“For now we see in a mirror, dimly, but then we will see face to face. Now I know only in part; then I will know fully, even as I have been fully known.” 1 Corinthians 13:12
It’s interesting to watch infants develop. As the days turn into weeks and the weeks turn into months new discoveries are made. They see themselves in the mirror for the first time; they discover their hands; they find their belly buttons. They begin the long journey of coming to know themselves.

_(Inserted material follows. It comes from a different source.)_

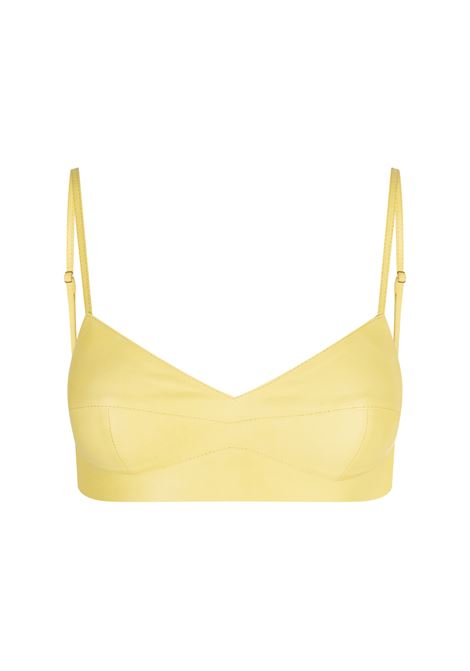 BLUMARINE Top Bra In Pelle Gialla - BLUMARINE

This process doesn’t end with infancy, there’s so much for children to learn. Who are my parents? My family? Who and I? You could say that we spend our whole lives coming to know ourselves…it never ends. It’s as Paul says, “we see in a mirror, dimly.” There’s always some part of us that’s not illuminated enough for us to see. An edge is always fuzzy; the perspective is a bit off. And so we continue our quest begun in infancy to come to know ourselves. We study, we ask questions, we go off to find ourselves, we reinvent ourselves, and we return to our roots. How do I know who I am?

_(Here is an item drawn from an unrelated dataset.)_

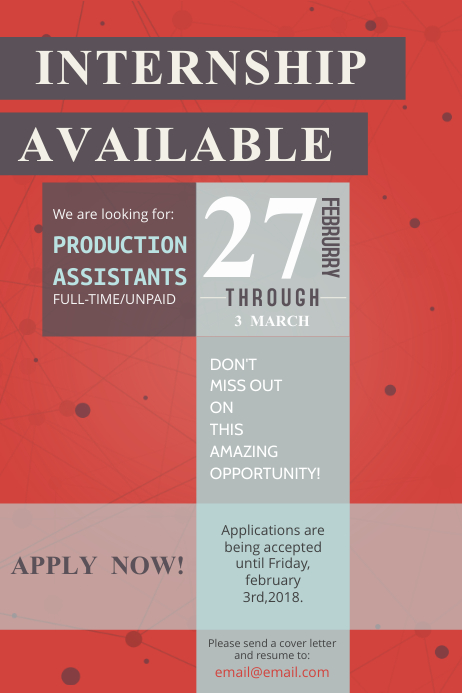 Typographic Internship program Flyer Template | PosterMyWall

It is indeed interesting to watch infants, and other ages for that matter, seek to know who they are. It’s also interesting to journey with folks at the other end of life; in their twilight years. Just the other day I took a nice long stroll with a dear saint. We talked about so much; it was delightful. But one thing became clear; she didn’t know who I was, and to be honest, she didn’t fully know who she was either. Its one of life’s cruel twists; if you live long enough sometimes you don’t know who you are anymore. Anyone who’s been around someone with dementia or alzheimer’s knows this all too well.

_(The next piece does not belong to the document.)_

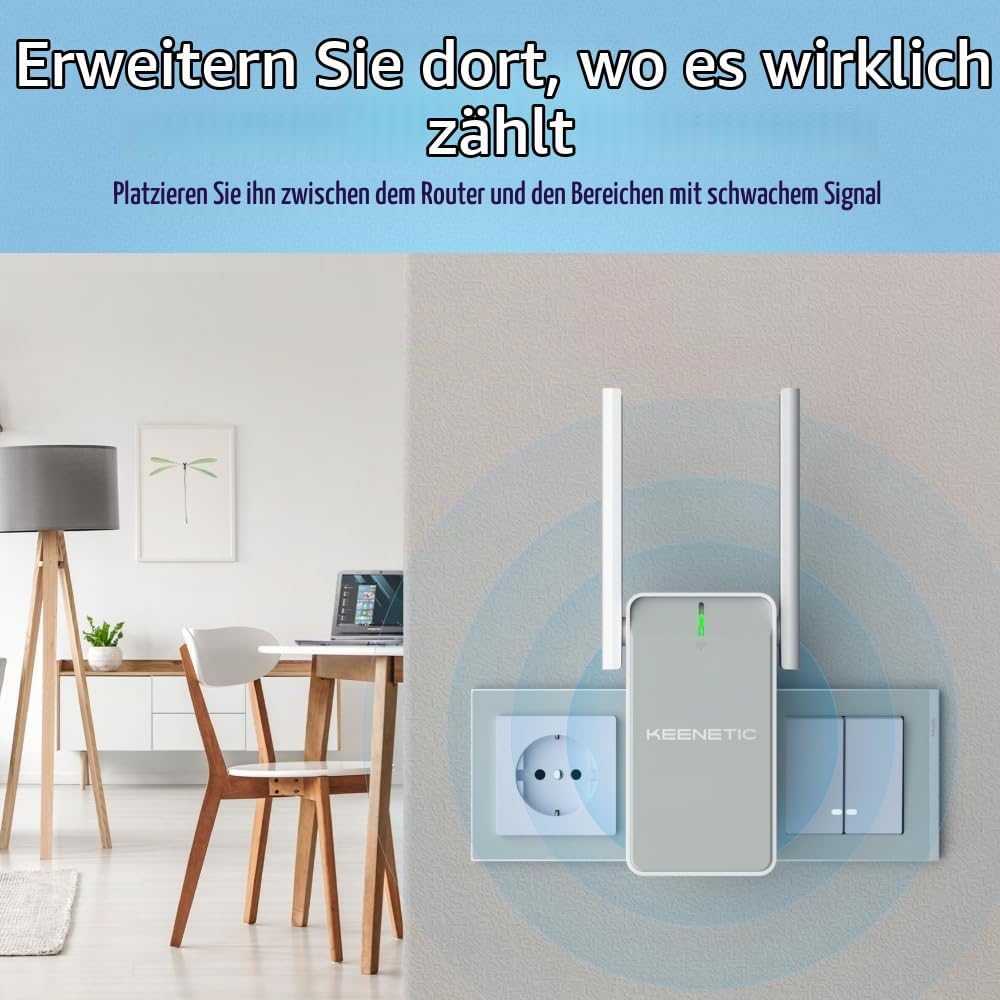 Keenetic Buddy 4 Mesh-fähiger N300-WLAN-Range-Extender mit Fast-Ethernet-Port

I shared with this dear saint Psalm 139, the Inescapable God: “O Lord, you have searched me and know me. You know when I sit down and when I rise up; you discern my thoughts from far away. You search out my path and my lying down, and are acquainted with all my ways. Even before a word is on my tongue, O Lord, you know it completely. You hem me in, behind and before, and lay your hand upon me. Such knowledge is too wonderful for me; it is so high that I cannot attain it.”
As we prayed I thought about this Psalm and about 1 Corinthians 13. Throughout the cruel twists and turns of this life we may very well feel as if we’ve lost ourselves. But the truth is this, when you don’t know who you are, God knows who you are. While we may not know ourselves, we are known by God. Again and again the big message of Scripture is not who we are; we’ll always come up short in that department. No, the big message of Scripture is whose we are. That is the never ending well spring of life that bubbles up to eternity. It’s not who we are but whose we are that counts. We are God’s, and when we are named and claimed by him nothing can ever change that fact. So no matter if you’re a little baby, an ageing senior, or anywhere in between, you are God’s. So rest assured that no matter where you are in life and no matter what is going on, with God you are known.